Social landlords must adapt to benefit reforms if they are to continue to deliver effective services
When chancellor George Osborne delivered his emergency Budget on 22 June 2010, he said measures to reform the housing benefit system would save taxpayers £4 billion by 2015. The legislation which will make this aim a reality became law yesterday and, despite the best efforts of many (including this magazine) to present alternative ways of more fairly cutting the soaring £21 billion housing benefit bill, the Welfare Reform Act’s original proposals remain broadly unaltered.
As prime minister David Cameron claimed in an open letter last Thursday, the cap on housing benefit at a maximum of £400 a week, the so-called ‘bedroom tax’ on spare rooms in social homes, cutting local housing allowance for private tenants and more, will indeed save over £2 billion a year by April 2015.
But these savings come with a cost - in many cases a huge personal cost. Throughout the course of our What’s the Benefit? campaign we have highlighted examples of families and individuals whose lives will be turned upside down by the new rules.
In his letter, Mr Cameron claimed the government had built a ‘modern welfare system that protects the vulnerable’. It does not. For 32-year-old James, who has Asperger’s syndrome, and who we spoke to in July 2011, the cut in his weekly housing benefit from £103 to £60 is ‘beyond untenable’.
Riverside Housing Group is just one landlord to have calculated the impact of the plan to charge those aged under 62 an average £13 a week extra if they have a spare bedroom. It estimates it will take six years to downsize tenants to its available one-bedroom properties, while residents faced ‘crippling cuts to their income’.

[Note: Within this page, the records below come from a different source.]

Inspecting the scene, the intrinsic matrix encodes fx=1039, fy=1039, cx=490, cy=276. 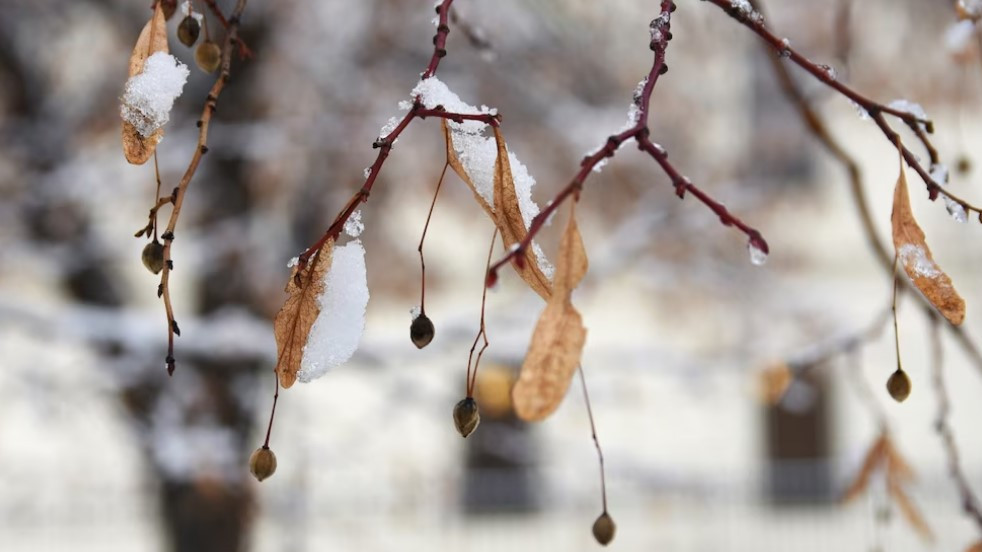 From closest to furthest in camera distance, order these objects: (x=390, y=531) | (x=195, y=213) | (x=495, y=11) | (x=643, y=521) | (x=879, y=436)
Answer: (x=879, y=436) → (x=495, y=11) → (x=195, y=213) → (x=390, y=531) → (x=643, y=521)

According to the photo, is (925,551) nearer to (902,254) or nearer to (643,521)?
(643,521)

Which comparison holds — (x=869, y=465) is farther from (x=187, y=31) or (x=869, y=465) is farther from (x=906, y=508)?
(x=187, y=31)

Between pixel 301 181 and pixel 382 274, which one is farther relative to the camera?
pixel 382 274

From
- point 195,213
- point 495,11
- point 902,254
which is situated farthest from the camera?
point 195,213

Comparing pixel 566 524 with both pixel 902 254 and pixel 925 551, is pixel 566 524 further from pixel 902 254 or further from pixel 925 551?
pixel 902 254

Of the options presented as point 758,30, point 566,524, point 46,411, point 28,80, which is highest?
point 28,80

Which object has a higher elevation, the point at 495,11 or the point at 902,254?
the point at 495,11

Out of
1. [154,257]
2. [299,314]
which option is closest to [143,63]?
[154,257]

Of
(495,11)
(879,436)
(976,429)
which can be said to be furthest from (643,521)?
(879,436) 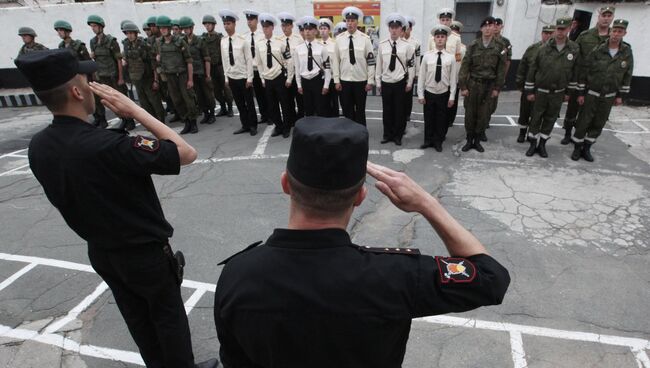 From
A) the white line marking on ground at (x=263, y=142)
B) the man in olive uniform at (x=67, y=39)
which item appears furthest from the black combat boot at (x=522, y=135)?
the man in olive uniform at (x=67, y=39)

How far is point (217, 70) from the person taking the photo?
8.84 meters

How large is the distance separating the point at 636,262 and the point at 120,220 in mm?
4439

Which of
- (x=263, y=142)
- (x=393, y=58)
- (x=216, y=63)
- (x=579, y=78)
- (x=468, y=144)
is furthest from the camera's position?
(x=216, y=63)

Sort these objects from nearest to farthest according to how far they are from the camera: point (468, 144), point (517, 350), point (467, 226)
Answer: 1. point (517, 350)
2. point (467, 226)
3. point (468, 144)

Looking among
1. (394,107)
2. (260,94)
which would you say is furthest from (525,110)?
(260,94)

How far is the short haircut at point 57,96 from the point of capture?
2.00 metres

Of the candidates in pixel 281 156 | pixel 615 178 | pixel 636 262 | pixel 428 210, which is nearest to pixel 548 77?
pixel 615 178

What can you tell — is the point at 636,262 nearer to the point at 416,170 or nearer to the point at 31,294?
the point at 416,170

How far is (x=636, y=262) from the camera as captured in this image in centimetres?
377

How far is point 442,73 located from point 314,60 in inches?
88.2

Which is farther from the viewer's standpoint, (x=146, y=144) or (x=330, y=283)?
(x=146, y=144)

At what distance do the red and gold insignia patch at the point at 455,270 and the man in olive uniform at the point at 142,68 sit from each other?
844 cm

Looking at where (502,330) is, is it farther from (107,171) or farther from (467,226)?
(107,171)

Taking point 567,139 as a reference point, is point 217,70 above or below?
above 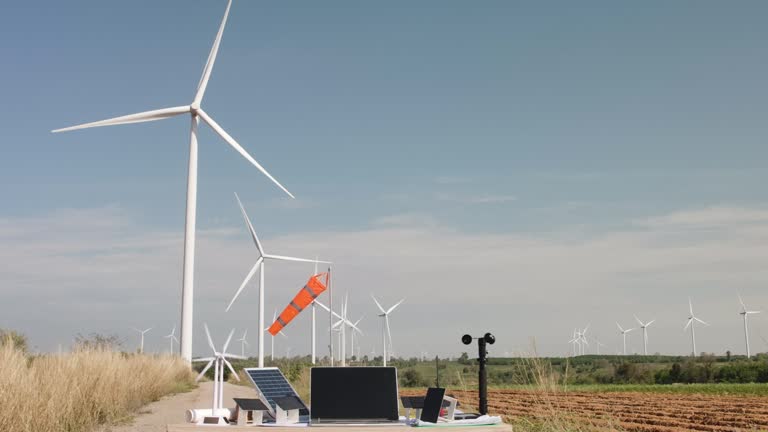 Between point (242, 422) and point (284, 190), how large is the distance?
81.1 feet

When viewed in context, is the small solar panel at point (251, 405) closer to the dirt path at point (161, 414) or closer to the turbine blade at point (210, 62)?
the dirt path at point (161, 414)

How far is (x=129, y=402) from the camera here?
1622 centimetres

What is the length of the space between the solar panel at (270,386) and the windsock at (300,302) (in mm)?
17590

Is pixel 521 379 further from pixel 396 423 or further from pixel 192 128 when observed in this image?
pixel 192 128

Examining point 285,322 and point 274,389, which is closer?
point 274,389

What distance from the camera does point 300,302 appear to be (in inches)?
1031

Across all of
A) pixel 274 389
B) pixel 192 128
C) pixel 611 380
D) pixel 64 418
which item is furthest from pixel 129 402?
pixel 611 380

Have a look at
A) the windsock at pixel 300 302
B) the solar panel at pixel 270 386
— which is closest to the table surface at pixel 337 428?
the solar panel at pixel 270 386

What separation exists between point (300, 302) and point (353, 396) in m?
19.1

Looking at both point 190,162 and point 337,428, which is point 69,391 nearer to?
point 337,428

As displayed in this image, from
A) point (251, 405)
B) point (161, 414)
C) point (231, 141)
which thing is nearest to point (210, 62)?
point (231, 141)

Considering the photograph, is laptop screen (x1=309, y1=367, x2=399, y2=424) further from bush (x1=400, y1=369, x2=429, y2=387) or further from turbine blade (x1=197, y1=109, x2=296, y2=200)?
Answer: bush (x1=400, y1=369, x2=429, y2=387)

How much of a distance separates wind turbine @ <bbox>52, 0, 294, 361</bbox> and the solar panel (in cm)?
1960

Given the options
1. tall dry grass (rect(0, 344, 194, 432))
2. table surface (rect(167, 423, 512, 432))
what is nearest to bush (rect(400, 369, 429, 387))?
tall dry grass (rect(0, 344, 194, 432)) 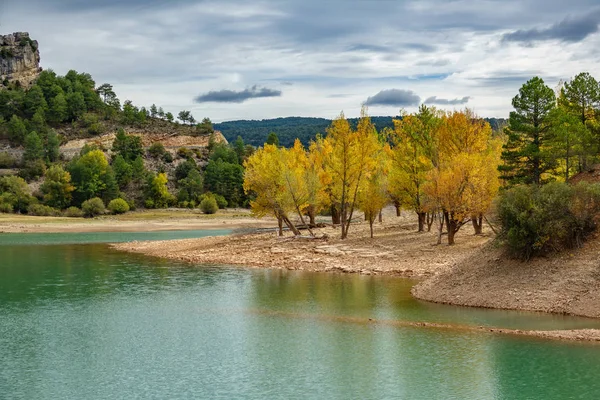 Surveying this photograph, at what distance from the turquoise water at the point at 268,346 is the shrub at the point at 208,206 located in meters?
86.7

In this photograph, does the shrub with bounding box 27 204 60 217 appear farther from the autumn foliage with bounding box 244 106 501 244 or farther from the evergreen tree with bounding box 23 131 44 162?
the autumn foliage with bounding box 244 106 501 244

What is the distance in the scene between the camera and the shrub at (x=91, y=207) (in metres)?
127

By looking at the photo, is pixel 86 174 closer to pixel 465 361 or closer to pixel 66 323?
pixel 66 323

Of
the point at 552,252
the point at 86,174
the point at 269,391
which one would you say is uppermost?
the point at 86,174

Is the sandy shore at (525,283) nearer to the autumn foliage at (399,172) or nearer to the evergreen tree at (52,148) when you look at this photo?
the autumn foliage at (399,172)

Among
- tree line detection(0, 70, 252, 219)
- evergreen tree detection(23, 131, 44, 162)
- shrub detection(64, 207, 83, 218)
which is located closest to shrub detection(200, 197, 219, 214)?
tree line detection(0, 70, 252, 219)

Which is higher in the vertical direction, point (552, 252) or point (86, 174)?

As we report this week, however, social landlords are being phlegmatic in their response. If nothing else, the experience of the Welfare Reform Act 2012 has taught housing professionals that, if they are to continue to deliver effective services, they have to find new ways of marshalling their arguments. They need new allies in health, policing and education, but housing associations and ALMOs in particular need to think about a relationship much closer to home: that with local authorities. If they are successful that really could be a huge benefit.